My Conversion to Jesus Christ

I was raised a Mormon and have always believed in Jesus as the Son of God. However, in my early years, my belief in him was quite superficial. I primarily thought of him in terms of the resurrection, being saved from death. I also thought of him as my savior from sin, but I didn’t understand that very well. I was focused on the mortal aspects of his life: where he lived, what he did, what he taught.

It wasn’t until I began to understand the principle of grace that I began to have a deeper feeling toward Jesus. I first heard about grace when I was a missionary and read a talk on grace by a BYU professor. I didn’t understand what he was saying, because I had never heard that concept before. Years later, as I understood the Gospel more, I began to understand grace.

I’ve tried to express in my essays my belief that salvation, that is the removal of our sins, comes completely through grace. As D&C 19:16 teaches, we come to Christ through repentance, though changing our lives to conform more with his life. But our repentance does not remove sin. The removal of our sins comes from Christ through his grace. He requires that we come in repentance and then he allows his atonement to cleanse us. Many Mormons confuse the two, as I did earlier on, thinking that their repentance removes sin, that if they just try harder they can become clean. A different perspective is needed: it’s not a matter of trying harder; it’s a matter of becoming more like Christ — our focus must be on him not on us.

Over the years, I have grown, and am still growing, to have a deeper love of Jesus Christ, as I partake of his grace. As I’ve come to feel in my heart that if it weren’t for Jesus Christ, I couldn’t become free from the shackles of my sins, I’ve come to understand and appreciate him and his atonement more. This has caused me to want to become like him. I’ve come to have a lot of gratitude for what he did for me. I’ve felt his unconditional love towards me, and I’m learning that I want to have that love toward others. He is becoming the center of my life, although the road towards that is winding and slow, because I become distracted by the things of the world. At times, during the passing of the Sacrament, I think of Jesus suffering in the garden and on the cross. I realize that he didn’t do that for himself but for me, and my heart fills with gratitude and love for him.

I know that Jesus is the Son of God, my Redeemer and Savior. I know that he, only he, can remove my sins, and I’m grateful for his unconditional love to me. I love him and want to be like him. I pray that I may not let the things of this world come between us. I pray that I may reach the point of humility and repentance that I give my life to him.

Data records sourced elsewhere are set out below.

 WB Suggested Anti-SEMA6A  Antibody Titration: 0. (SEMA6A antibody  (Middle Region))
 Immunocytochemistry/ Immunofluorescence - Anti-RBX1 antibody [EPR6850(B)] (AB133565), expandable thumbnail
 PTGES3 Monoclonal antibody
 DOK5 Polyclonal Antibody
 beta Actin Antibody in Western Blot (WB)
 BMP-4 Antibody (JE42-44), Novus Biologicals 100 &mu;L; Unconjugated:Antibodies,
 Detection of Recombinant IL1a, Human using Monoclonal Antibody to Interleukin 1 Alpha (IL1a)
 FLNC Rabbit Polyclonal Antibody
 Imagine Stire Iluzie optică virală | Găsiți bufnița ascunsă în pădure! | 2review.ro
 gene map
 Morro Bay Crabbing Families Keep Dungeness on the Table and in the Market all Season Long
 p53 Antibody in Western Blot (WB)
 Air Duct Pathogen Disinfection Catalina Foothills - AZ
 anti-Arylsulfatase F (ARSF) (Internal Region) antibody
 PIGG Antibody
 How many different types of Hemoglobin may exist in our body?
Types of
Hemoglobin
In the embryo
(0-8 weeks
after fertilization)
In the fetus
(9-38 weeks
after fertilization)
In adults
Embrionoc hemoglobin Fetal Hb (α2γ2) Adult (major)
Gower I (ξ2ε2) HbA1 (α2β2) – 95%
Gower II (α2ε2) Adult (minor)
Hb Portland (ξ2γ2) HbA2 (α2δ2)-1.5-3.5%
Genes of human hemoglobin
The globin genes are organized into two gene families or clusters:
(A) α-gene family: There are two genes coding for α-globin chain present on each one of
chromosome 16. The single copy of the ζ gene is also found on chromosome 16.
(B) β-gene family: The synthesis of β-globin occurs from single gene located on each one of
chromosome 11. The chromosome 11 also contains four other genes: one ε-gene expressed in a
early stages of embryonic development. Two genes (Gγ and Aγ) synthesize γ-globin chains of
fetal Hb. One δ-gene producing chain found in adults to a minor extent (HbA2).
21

One Response to My Conversion to Jesus Christ

  1. Taylor says:

    Amen. Your soul shines through here. You are a beautiful person.

    My only comment is on your last sentence about somehow being humble and repentant enough to give yourself to Christ.

    I don’t agree with some of your beliefs, but I do believe you’ve given yourself to Christ. Christ loves you for you, not for what you’ve done or what you may or may not accomplish in the future. You’ve given your life to Him and he accepts you even with your sins. You are clay in His hands, and you and He are in a relationship where you will see/find/become/do everything He wishes of you in His time. We all have some “idols” hidden in our “temples”. I believe we can only root these out because we have given ourselves to Christ, and not before.

    I believe the relationship with God is paradoxical. It requires you to look within to become humble and submit to Christ as the author and finisher of salvation…which seems selfish. But once you’ve arrived there, you are finally at a place where you can affect the world in beautiful ways.

    Don’t question your relationship with Christ just because someone has taught you it’s a difficult destination. It’s not a difficult destination. You need this perfect relationship to “run the race”. If you are not Christ’s, then whose are you? You are Christ’s. Just go with it. Keep learning, and you will be exactly who and where He wishes you to be at the perfect time.